*** Opening of Data for processing ***

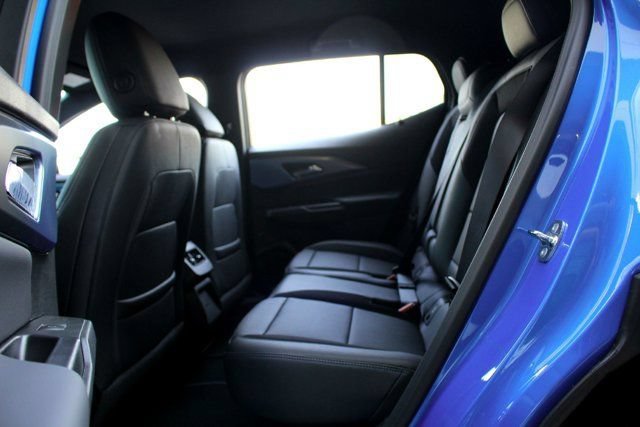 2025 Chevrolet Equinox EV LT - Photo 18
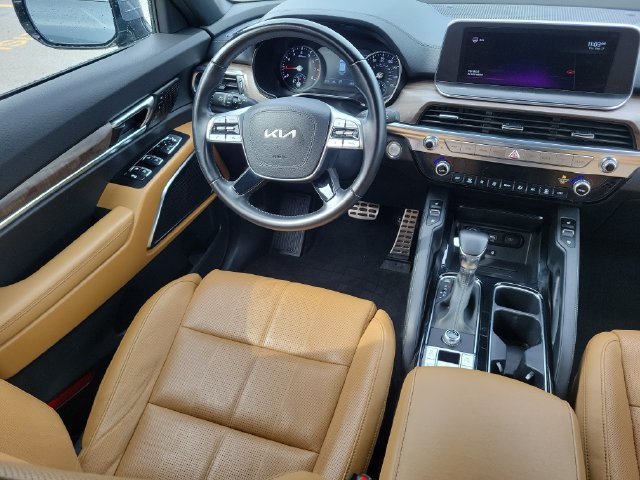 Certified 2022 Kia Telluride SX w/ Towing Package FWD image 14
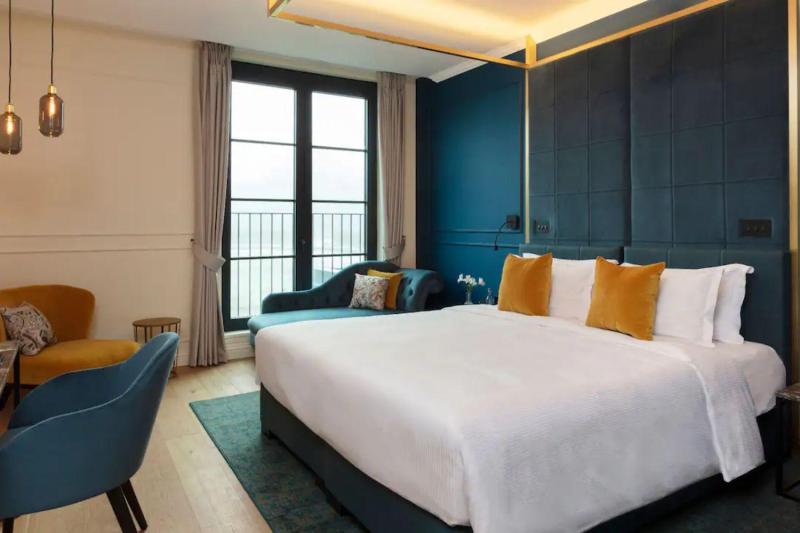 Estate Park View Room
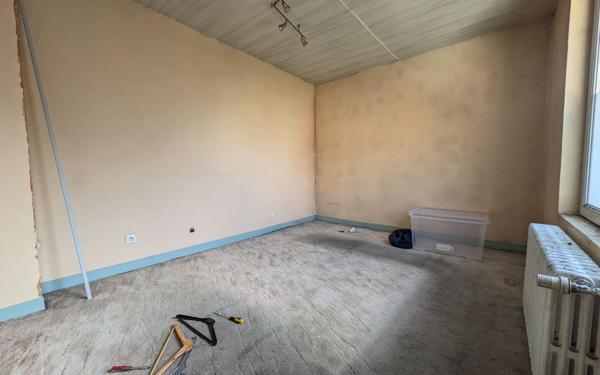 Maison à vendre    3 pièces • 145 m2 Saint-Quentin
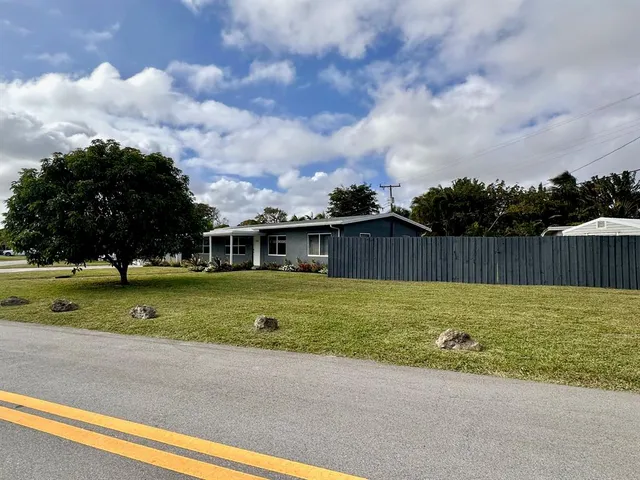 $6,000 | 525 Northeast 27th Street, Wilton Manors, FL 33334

*** Close of Data for processing ***

▶ **Instructions to follow**
Output all the entries exactly, minus any pictures.

▶ **Solution to this exercise**
 2025 Chevrolet Equinox EV LT - Photo 18
 Certified 2022 Kia Telluride SX w/ Towing Package FWD image 14
 Estate Park View Room
 Maison à vendre    3 pièces • 145 m2 Saint-Quentin
 $6,000 | 525 Northeast 27th Street, Wilton Manors, FL 33334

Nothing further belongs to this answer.